Work instructions →
What is needed is an exact transcription of the line containing "Can you use metal polish on golf clubs?" and every line after it through the end of the entries below, with no pictures.

Material for this task →
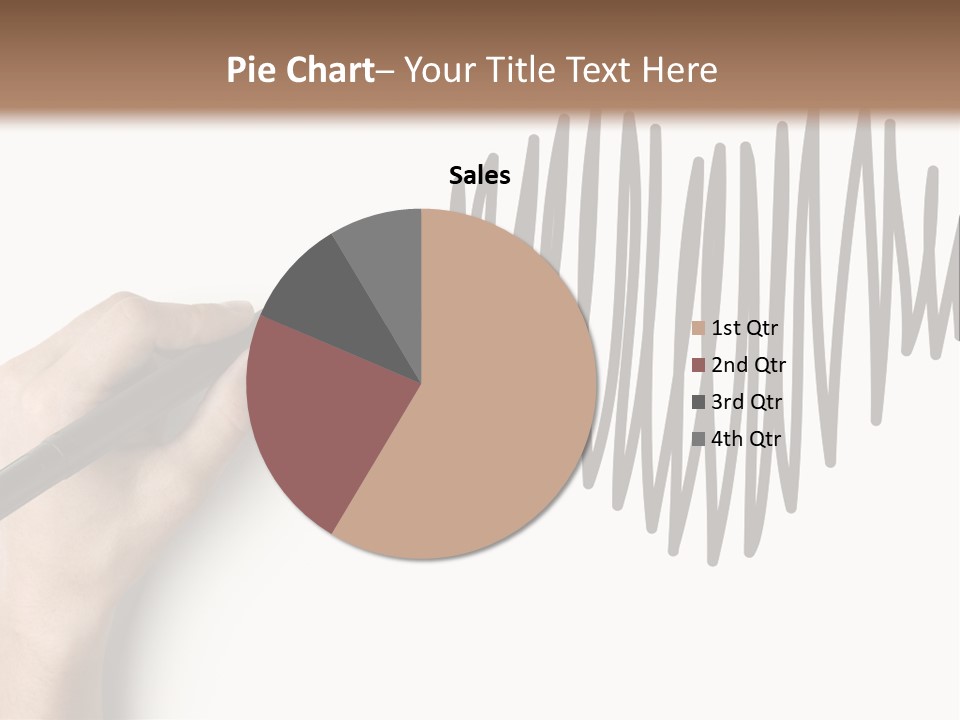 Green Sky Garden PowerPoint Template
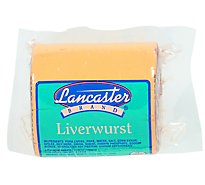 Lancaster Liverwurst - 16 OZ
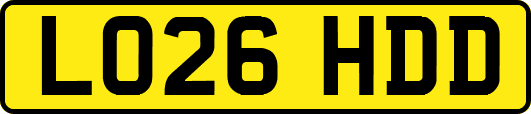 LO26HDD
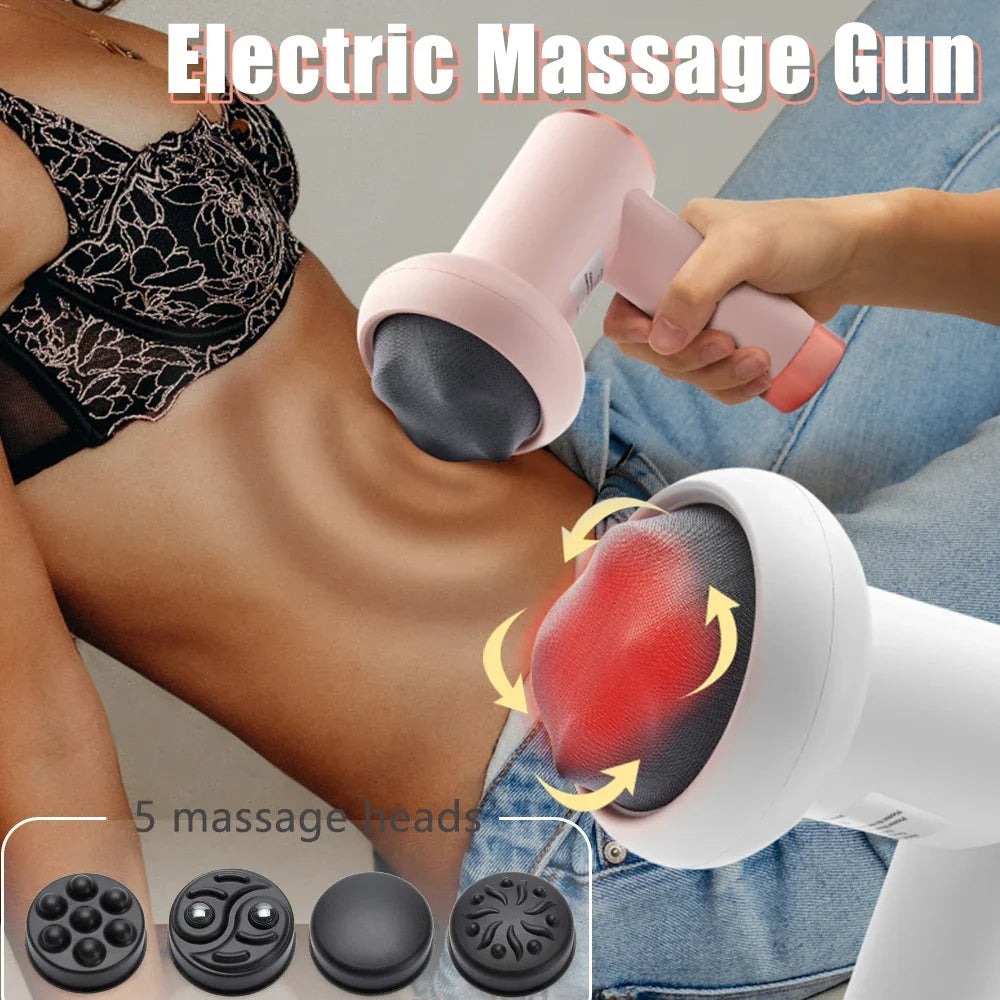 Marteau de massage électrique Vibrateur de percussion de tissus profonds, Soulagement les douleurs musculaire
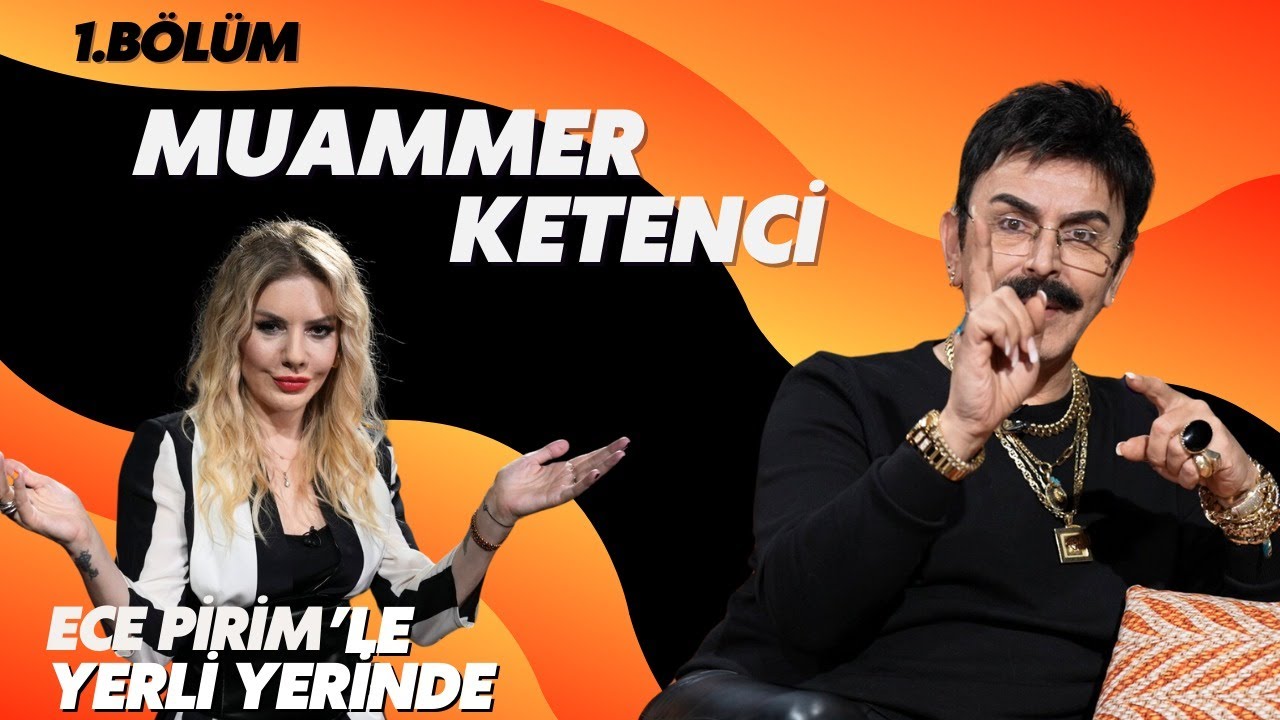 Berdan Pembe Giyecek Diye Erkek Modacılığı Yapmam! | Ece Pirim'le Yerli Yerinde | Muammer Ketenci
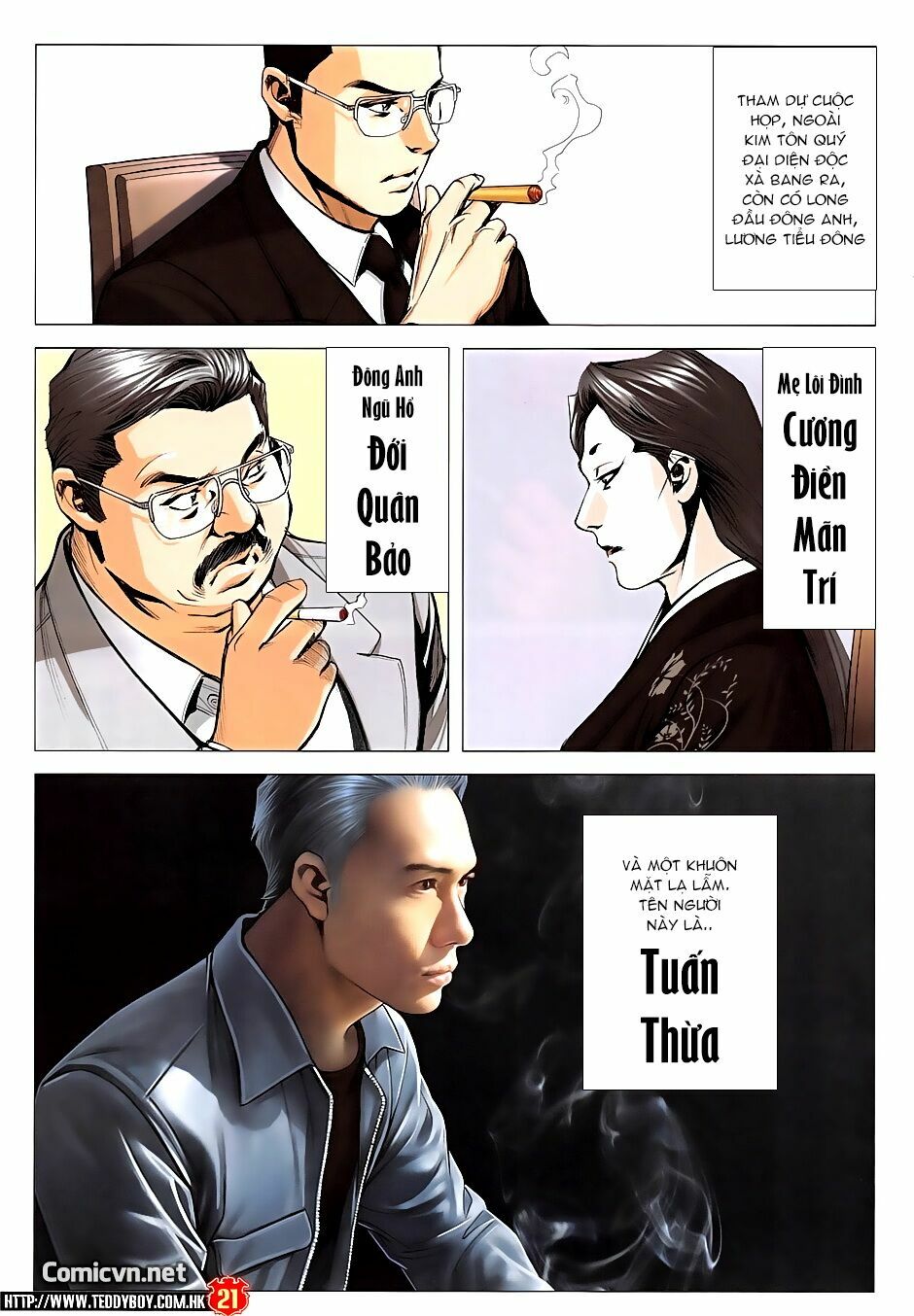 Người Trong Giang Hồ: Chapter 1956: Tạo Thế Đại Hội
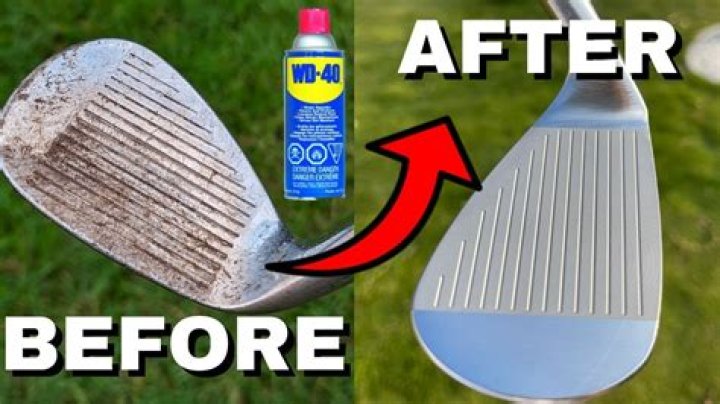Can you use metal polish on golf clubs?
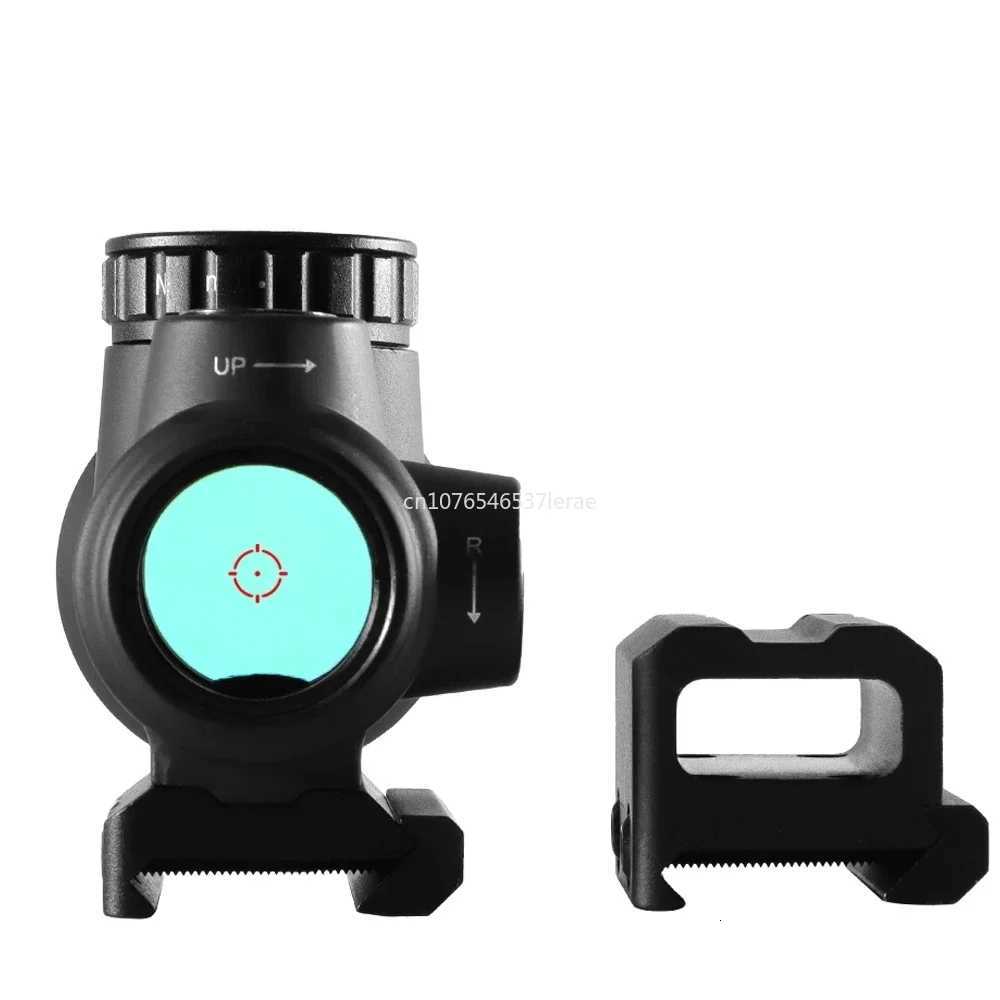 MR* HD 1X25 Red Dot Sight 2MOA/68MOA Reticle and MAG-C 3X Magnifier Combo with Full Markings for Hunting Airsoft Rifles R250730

Task answer →
Can you use metal polish on golf clubs?
 MR* HD 1X25 Red Dot Sight 2MOA/68MOA Reticle and MAG-C 3X Magnifier Combo with Full Markings for Hunting Airsoft Rifles R250730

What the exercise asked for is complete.